What you will do ::
Copy out the full data exactly as given; pictures should not be included.

Raw data ::
******************************

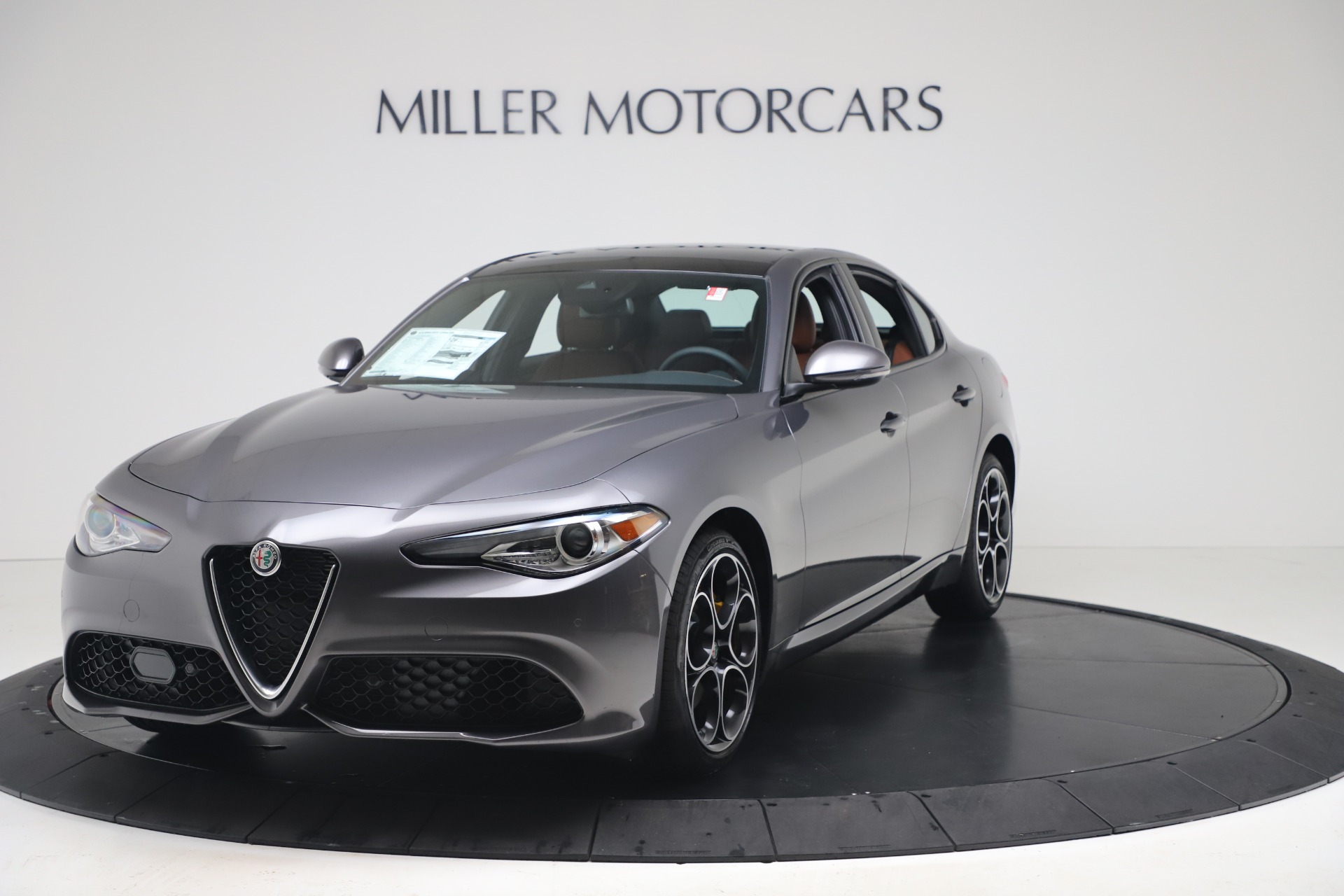 New 2020 Alfa Romeo Giulia Ti Sport Q4 for sale Sold at Maserati of Greenwich in Greenwich CT 06830 1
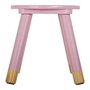 designová stolička pink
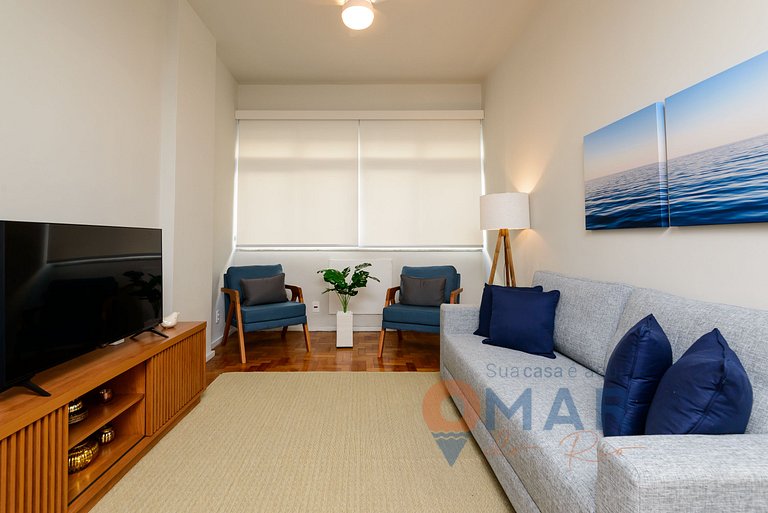3 BDR, 5 minutes from Copacabana Beach| FM 263/303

******************************

Result of this task ::
 New 2020 Alfa Romeo Giulia Ti Sport Q4 for sale Sold at Maserati of Greenwich in Greenwich CT 06830 1
 designová stolička pink
3 BDR, 5 minutes from Copacabana Beach| FM 263/303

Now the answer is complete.